Random Forest is an ensemble method that combines multiple decision trees using bootstrap aggregating (bagging) and random feature selection. It reduces overfitting and improves generalization compared to a single decision tree.

RandomForest Class

class lostml.tree.random_forest.RandomForest(n_estimators=100, max_depth=None, min_samples_split=2, min_samples_leaf=1, max_features='sqrt', criterion='gini', bootstrap=True, random_state=None)[source]

Bases: object

Random Forest for classification and regression.
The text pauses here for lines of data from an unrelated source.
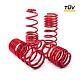 Mts Technik Lowering Springs Suitable For Alfa Romeo Gta (with TÜv)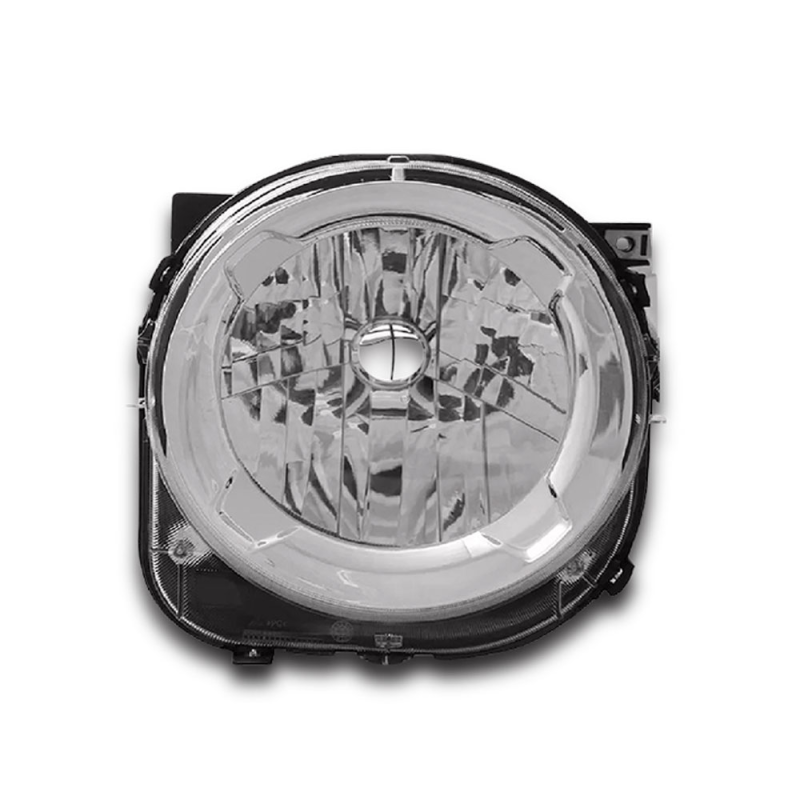 Farol Original Renegade 2015 A 2022 Lado Esquerdo Sem Led E Sem Xenon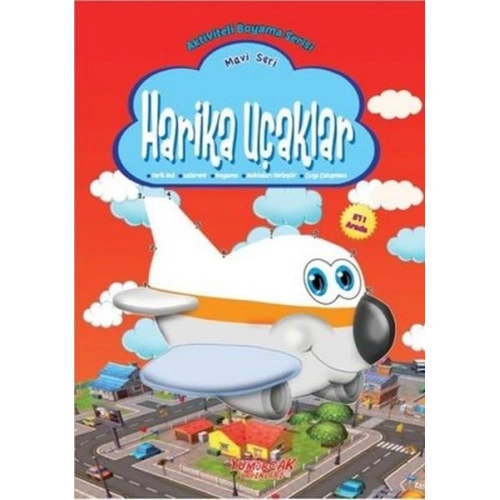 Harika Uçaklar - Mavi Seri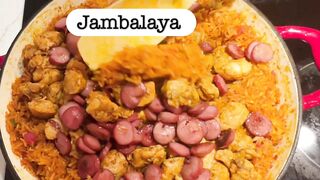 The Best Homemade Jambalaya Recipe.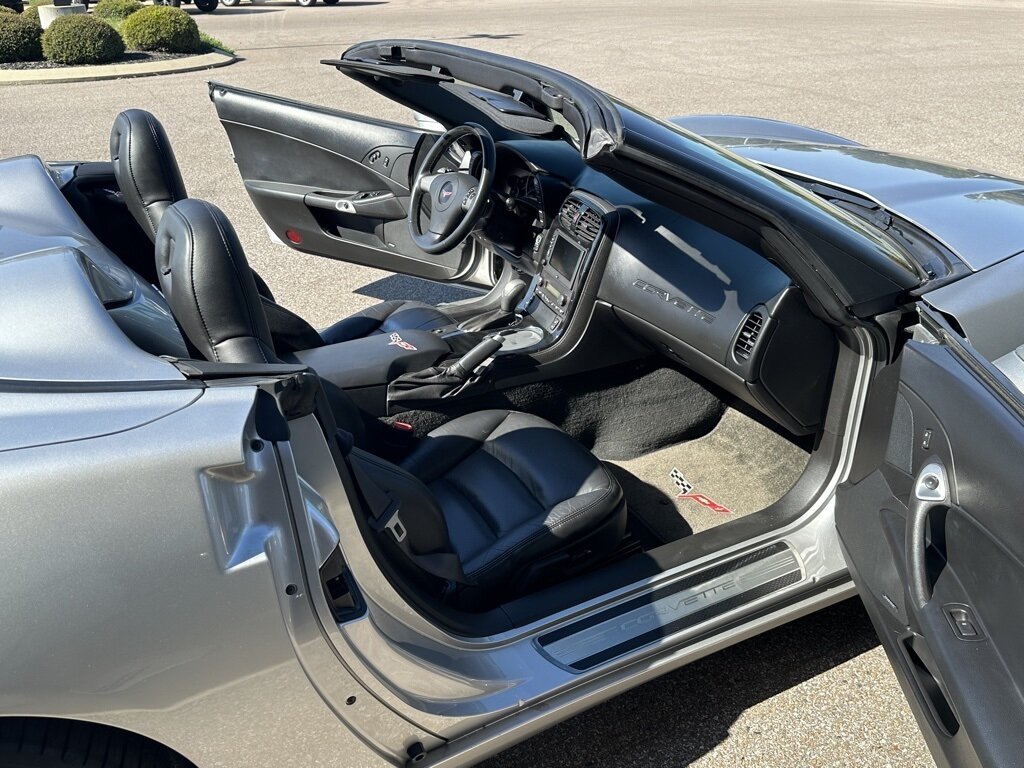 2008 Chevrolet Corvette   - Photo 19 - Martin, TN 38237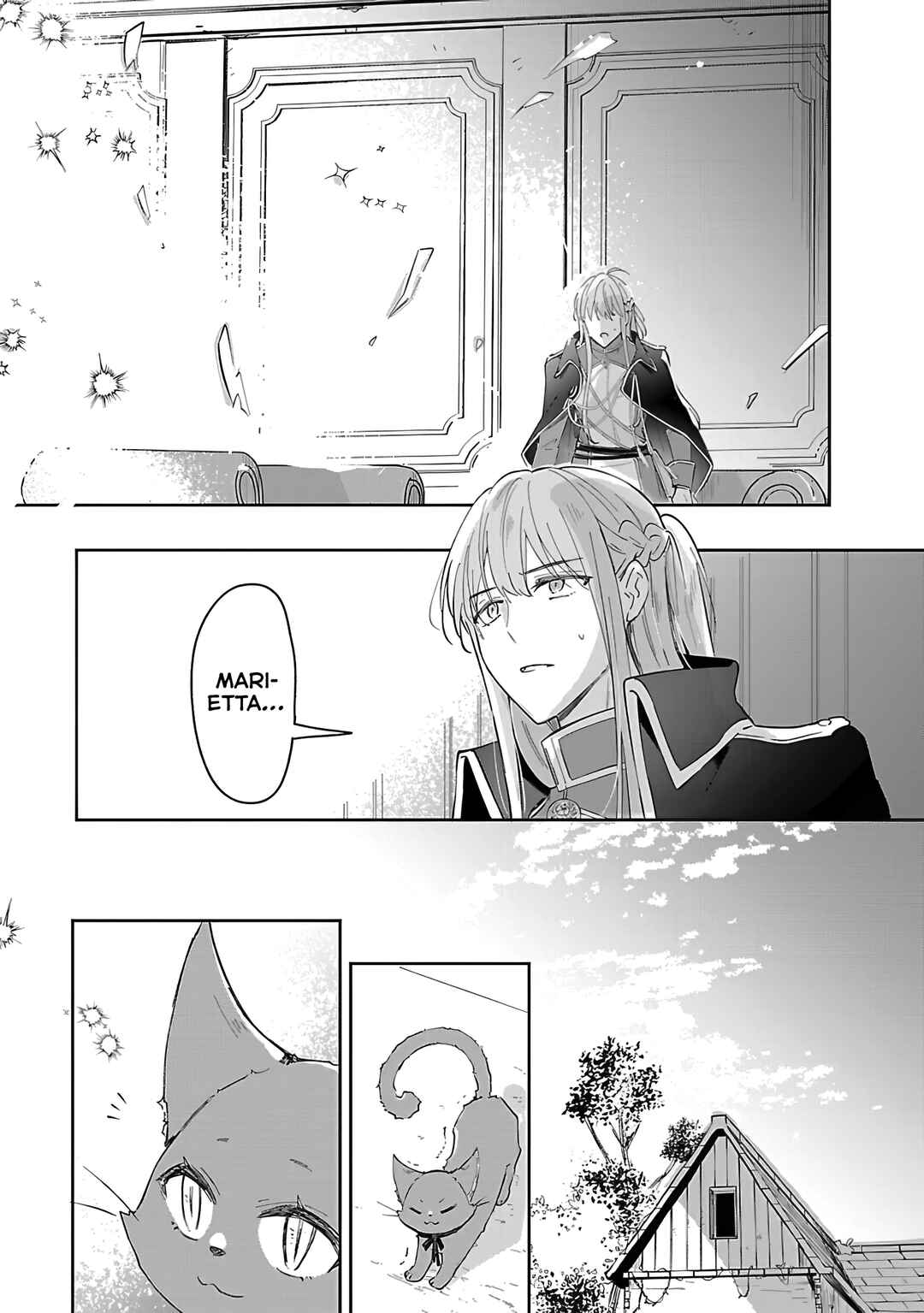 Page 11 Chapter 17 Kiraware Majo to Karada ga Irekawatta Keredo, Watashi wa Kyou mo Genki ni Kurashiteimasu!
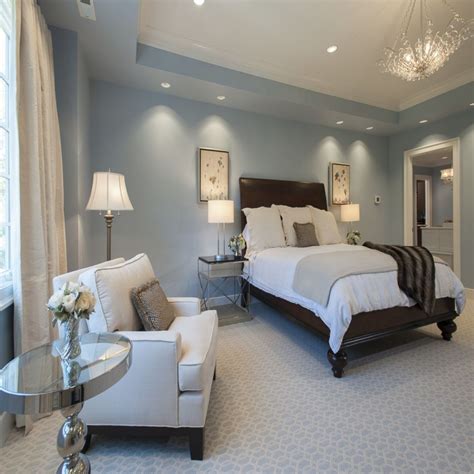 Blue And Gray Master Bedroom Ideas To Divide A Bedroom Check More At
An ensemble method that combines multiple decision trees using: - Bootstrap aggregating (bagging): Each tree trains on random subset of data - Random feature selection: Each split considers random subset of features

Parameters:
  • n_estimators (int, default=100) – Number of trees in the forest.

  • max_depth (int, default=None) – Maximum depth of each tree. If None, trees grow until all leaves are pure.

  • min_samples_split (int, default=2) – Minimum number of samples required to split a node in each tree.

  • min_samples_leaf (int, default=1) – Minimum number of samples required in a leaf node in each tree.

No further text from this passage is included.